### [DIRECTIONS FOR THIS TASK]
Look below for the line that has "Front view of". Set down the lines from there through the line that has "dress C. 1920", exactly as written.

__________________________________________________

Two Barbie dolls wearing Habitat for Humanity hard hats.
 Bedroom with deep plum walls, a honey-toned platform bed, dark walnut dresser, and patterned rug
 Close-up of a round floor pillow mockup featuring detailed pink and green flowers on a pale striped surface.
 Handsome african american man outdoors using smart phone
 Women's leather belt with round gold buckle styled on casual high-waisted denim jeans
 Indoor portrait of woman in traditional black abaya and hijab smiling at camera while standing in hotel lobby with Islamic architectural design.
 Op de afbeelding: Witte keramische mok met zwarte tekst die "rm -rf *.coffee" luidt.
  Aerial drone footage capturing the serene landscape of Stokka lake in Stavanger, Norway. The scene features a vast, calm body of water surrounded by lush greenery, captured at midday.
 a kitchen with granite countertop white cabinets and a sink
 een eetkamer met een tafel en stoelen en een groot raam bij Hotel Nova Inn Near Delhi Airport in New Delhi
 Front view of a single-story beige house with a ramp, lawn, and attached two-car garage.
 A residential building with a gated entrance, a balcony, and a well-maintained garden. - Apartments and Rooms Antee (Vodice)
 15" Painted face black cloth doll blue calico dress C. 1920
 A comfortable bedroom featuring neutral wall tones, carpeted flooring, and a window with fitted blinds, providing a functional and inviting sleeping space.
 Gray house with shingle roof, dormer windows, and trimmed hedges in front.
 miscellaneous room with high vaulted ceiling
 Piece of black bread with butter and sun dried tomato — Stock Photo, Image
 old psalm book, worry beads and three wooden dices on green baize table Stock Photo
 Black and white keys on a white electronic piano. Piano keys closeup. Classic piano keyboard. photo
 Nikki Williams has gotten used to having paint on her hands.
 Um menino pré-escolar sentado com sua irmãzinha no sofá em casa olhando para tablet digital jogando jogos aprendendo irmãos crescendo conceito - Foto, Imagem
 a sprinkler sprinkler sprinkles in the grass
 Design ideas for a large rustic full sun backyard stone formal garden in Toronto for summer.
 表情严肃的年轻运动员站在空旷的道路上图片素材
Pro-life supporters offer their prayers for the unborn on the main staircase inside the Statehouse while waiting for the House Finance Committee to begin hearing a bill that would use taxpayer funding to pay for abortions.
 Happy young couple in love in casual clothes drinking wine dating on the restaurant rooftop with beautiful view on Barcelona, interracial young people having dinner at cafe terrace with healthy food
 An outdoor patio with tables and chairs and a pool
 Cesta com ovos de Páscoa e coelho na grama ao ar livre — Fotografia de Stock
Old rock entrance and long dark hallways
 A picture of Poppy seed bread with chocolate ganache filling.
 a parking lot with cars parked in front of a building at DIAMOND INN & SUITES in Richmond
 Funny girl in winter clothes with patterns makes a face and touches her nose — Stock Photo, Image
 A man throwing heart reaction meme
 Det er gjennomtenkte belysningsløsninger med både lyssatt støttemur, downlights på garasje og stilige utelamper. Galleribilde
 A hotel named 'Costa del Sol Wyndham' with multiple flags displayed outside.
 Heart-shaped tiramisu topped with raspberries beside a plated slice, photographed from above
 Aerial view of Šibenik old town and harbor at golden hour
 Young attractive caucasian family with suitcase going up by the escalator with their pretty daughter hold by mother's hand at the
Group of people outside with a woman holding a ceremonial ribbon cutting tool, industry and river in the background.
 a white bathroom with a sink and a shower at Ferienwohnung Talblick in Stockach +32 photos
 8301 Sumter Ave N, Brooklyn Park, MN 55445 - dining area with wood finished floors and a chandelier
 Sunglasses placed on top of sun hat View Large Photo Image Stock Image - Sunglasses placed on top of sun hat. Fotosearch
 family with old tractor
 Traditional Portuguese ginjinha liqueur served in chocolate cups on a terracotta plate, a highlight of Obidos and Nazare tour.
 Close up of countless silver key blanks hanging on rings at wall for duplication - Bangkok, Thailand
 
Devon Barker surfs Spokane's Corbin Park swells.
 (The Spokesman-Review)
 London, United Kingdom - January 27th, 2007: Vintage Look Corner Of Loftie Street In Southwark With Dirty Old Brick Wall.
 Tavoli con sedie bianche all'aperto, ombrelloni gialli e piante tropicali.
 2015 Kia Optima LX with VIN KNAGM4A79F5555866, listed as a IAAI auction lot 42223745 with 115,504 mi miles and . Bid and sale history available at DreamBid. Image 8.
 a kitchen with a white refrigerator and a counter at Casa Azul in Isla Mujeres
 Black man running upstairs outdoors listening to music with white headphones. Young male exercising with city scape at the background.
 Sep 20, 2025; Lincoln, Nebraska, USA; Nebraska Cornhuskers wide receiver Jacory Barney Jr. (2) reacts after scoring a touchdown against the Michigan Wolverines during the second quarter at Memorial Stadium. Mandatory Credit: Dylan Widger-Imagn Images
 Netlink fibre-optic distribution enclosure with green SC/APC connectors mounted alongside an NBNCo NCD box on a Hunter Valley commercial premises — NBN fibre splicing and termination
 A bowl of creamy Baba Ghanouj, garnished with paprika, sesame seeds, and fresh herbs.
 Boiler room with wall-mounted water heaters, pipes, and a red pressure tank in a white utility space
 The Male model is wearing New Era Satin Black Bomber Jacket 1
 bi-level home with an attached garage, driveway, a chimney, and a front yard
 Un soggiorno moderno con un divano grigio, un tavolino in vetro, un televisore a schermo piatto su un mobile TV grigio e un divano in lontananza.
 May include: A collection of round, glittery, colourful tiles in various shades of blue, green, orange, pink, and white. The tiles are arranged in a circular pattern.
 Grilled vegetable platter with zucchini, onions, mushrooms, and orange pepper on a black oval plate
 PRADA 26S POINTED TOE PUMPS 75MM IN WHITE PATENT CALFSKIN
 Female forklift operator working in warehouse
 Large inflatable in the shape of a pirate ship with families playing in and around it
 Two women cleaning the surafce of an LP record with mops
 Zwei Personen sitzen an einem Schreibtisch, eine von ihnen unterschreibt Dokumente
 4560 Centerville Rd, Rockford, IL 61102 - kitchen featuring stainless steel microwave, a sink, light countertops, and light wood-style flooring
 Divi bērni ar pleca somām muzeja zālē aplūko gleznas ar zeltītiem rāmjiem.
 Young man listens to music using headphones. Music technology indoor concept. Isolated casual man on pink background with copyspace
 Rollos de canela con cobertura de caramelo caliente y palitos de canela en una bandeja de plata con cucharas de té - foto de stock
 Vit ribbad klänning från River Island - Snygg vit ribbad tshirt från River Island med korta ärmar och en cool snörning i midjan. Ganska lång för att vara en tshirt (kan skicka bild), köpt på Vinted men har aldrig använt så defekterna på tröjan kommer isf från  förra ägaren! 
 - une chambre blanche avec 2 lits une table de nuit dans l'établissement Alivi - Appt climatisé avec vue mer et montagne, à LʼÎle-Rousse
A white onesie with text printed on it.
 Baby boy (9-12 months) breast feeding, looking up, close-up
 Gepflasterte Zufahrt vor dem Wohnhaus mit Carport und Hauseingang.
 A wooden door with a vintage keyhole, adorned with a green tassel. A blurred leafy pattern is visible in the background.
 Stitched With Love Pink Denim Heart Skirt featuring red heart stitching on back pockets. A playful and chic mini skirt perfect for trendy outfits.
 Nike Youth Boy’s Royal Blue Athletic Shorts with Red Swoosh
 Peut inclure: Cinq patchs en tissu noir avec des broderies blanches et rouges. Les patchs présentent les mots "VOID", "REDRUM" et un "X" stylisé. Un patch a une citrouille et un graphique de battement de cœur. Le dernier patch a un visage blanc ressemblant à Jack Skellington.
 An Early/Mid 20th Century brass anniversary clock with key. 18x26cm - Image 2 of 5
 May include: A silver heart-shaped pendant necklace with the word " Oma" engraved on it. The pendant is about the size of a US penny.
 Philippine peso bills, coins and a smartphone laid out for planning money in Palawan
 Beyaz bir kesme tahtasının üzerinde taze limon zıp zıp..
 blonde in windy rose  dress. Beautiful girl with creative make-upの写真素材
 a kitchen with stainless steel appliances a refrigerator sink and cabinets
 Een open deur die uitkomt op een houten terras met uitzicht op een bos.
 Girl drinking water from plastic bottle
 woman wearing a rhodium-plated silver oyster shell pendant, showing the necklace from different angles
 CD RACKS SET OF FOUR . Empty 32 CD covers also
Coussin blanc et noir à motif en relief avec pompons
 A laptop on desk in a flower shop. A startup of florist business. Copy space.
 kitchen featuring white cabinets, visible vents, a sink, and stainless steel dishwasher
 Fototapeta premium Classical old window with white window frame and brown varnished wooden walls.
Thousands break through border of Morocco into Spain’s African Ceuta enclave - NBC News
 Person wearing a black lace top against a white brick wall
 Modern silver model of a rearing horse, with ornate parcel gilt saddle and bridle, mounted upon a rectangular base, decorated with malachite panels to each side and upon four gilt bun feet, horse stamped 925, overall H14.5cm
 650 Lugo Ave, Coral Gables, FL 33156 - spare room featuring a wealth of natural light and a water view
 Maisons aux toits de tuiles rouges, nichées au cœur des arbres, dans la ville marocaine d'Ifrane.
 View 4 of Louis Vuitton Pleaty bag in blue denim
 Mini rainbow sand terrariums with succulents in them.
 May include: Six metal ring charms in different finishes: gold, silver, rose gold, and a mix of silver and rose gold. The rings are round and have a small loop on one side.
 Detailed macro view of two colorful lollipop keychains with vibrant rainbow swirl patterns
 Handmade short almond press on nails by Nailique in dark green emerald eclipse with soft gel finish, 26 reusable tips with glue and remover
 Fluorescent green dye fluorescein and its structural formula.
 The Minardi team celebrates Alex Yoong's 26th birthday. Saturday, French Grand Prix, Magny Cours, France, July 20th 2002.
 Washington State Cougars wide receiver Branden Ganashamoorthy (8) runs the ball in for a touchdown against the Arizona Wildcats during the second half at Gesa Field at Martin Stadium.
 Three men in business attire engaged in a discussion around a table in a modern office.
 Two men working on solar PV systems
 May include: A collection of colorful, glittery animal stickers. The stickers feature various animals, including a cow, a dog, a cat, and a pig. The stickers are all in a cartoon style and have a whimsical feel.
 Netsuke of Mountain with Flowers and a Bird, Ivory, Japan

__________________________________________________

### [YOUR SOLUTION]
 Front view of a single-story beige house with a ramp, lawn, and attached two-car garage.
 A residential building with a gated entrance, a balcony, and a well-maintained garden. - Apartments and Rooms Antee (Vodice)
 15" Painted face black cloth doll blue calico dress C. 1920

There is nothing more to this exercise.